My Dolores is sitting on a big towel with a book in her hand. The dog tugs at the end of his leash and gives a tiny, stifled woof. He probably remembers her smell, the way she stroked his head.

She looks up. Her eyes round and clear with bright irises and thick lashes. That mouth-breather mouth, pink lips parting in a daze that comes over her face. “Hi, Dog,” she says.

“Dorothy?” I say, and give her a big smile.

“Oh, hi,” she says, and looks up from making faces at the dog. She doesn’t correct me about her name.

“What are you reading?” I point to the book.

“Oh. It’s nothing. Just one of those stupid vampire books.”

“Why is it stupid?”

“Oh, you know. Everyone’s just like basically chasing each other with their fangs out and trying to not eat each other when they have…when they get together.”

“A book? I haven’t seen a real book since 2007,” I say, and bend down to pick it up. “It’s very interesting. I like the feel of it; it feels nice in the hand, solid. What do you do when the battery runs out?
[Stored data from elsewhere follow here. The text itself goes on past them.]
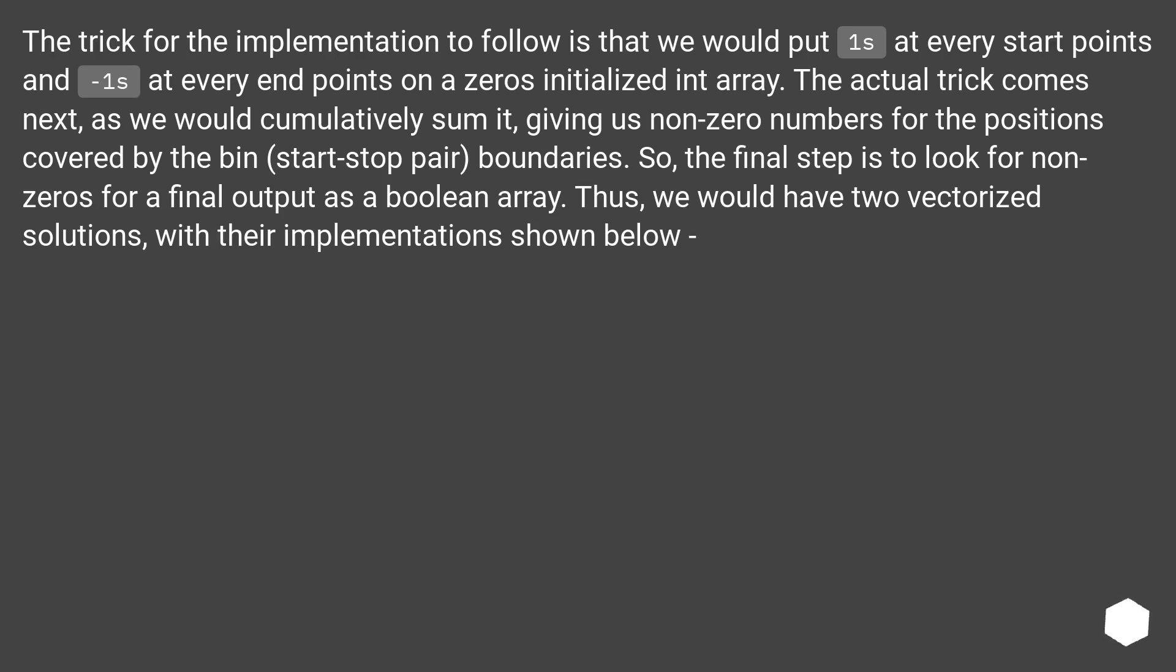Thus, we would have two vectorized solutions, with their implementations shown below.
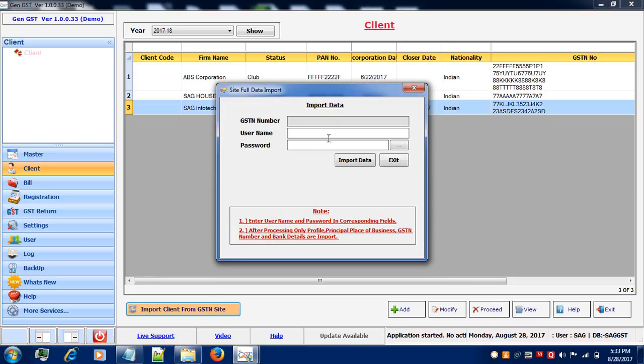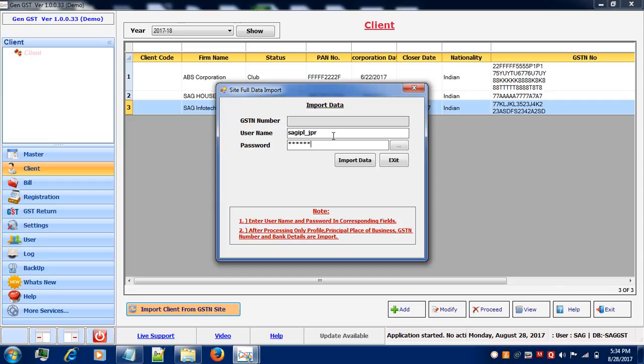When you will click on this, you need to enter your username and password for the client which you want to import. After inserting this, you need to click on import data.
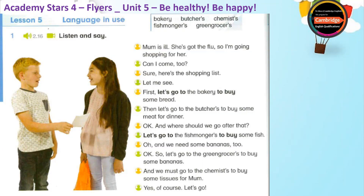She's got the flu, so I'm going shopping for her. Can I come too? Sure. Here's the shopping list.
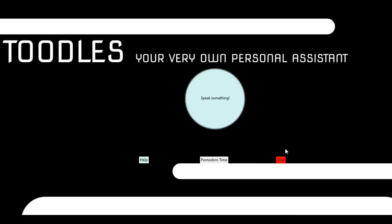So let's take a look at some of the functions Toodles can perform. Tell me how can I help you now? Send an email. What should I say?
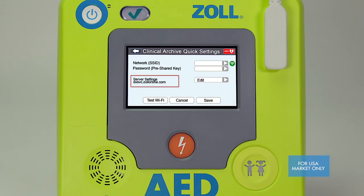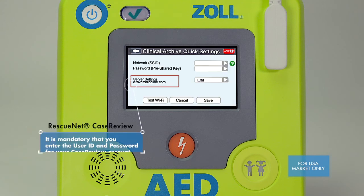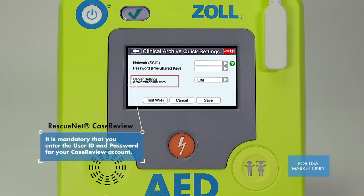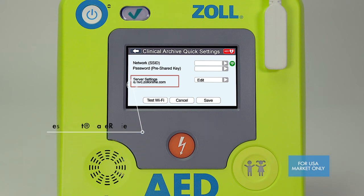The server settings portion of this screen should not be altered. This is the IP address that the data will be transmitted to. The default setting is for case review and transmits data to your case review account through Zoll data.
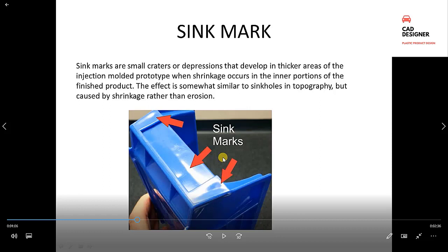A sink mark is a small depression on an air surface that is aesthetically not accepted by the customer. When we have ribs and features added to the material, the material thickness increases and the sink mark forms. It is important to remove the sink mark using these three methods of thickness addition and removal.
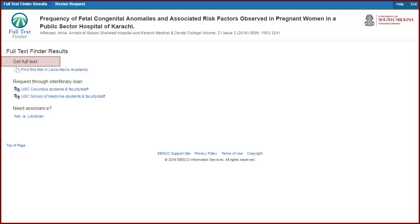If, like in this example, it has a link under Get Full Text, click it and you should be directed to the article.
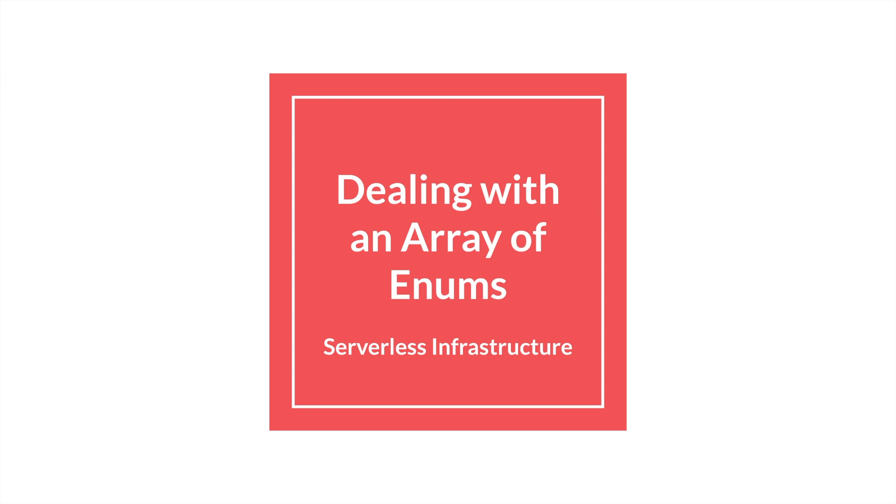Just to make you aware, this video is for those with some understanding of JSON Schema, Postgres, Python, and obviously SQLAlchemy. With that said, let me first explain the problem.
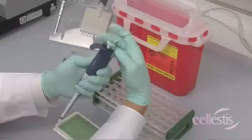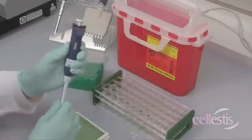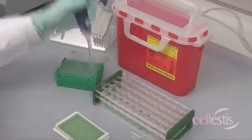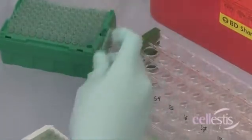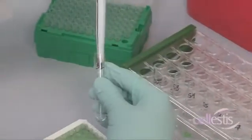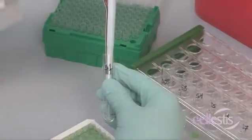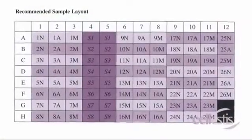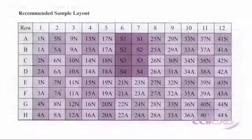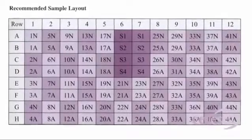Finally, add 50 microliters of each standard S1 to S8 when using the 8-point curve, or S1 to S4 when using the 4-point curve, to the relevant ELISA plate wells, keeping in mind that each standard must be run at least in duplicate.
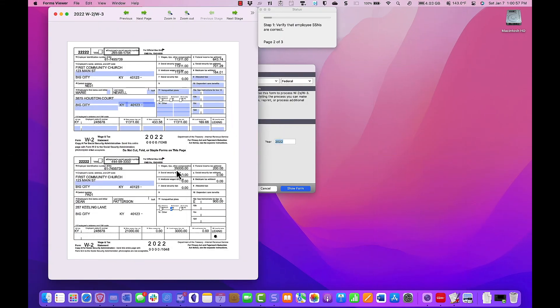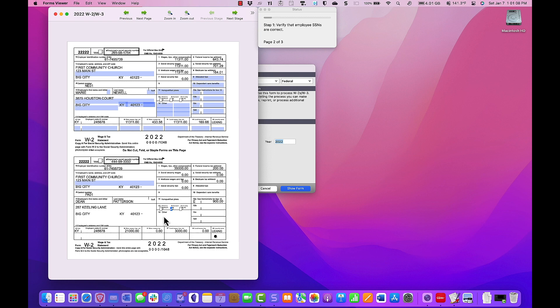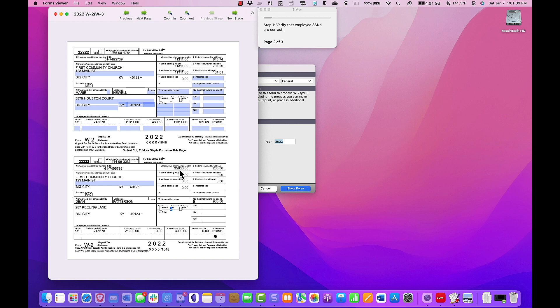You have opened the W2, W3 forms in the Atrix Forms Viewer for macOS and notice that one of your pastor's W2 form is not showing housing in box 14 other. You also notice that box 1 is not correct. A review of your records indicate that it is off by the exact amount of the pastor's housing allowance, $12,000.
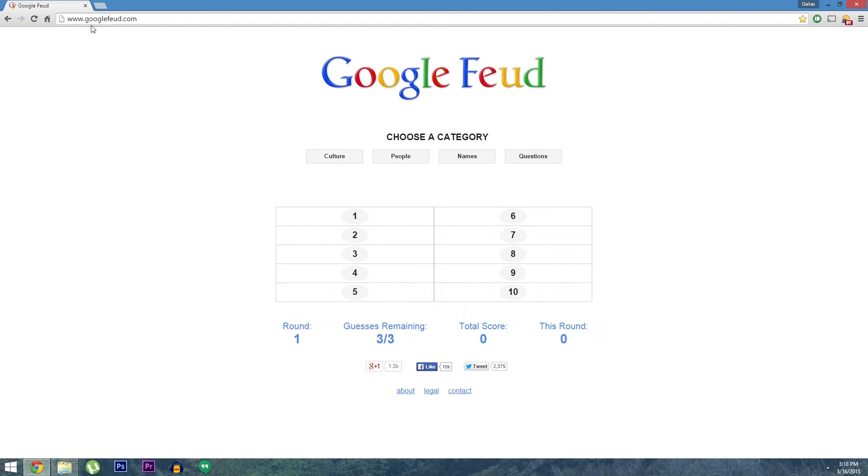The website is called Googlefeud.com and you can play from any web browser. So once you're here, go ahead and choose one of the four categories. There's culture, people, names and questions.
I don’t see a USB slot anywhere.”

“Yeah. I know,” she says, and pretends to giggle, which is worse than if she just didn’t do anything. I can’t tell if this is because she found my joke lame or because she’s so tense she can’t get into it with me.

I put the book down, peek quickly at her toes: thick nails, no nail polish. Tiny thatches of blond hairs.

“So, how long are you staying for?” I say.

“Leaving Wednesday. It sucks, but Emily’s parents won’t let us stay on our own.”

“Bummer. You’re going to miss the tribute band for New Kids on the Block.”

“You’re kidding, right?” She giggles. I feel relief. Giggling is a must. And I don’t know how to make jokes. It’s painful for me to have to make them because I’m not good at them. And these aren’t even jokes. It’s true that there’s going to be a tribute band for New Kids on the Block. There was a poster about the concert in the smoothie shack. I wonder if Dolores had noticed it, if she’s indulging me – if she’s indulging me, that means she’s already hooked on me.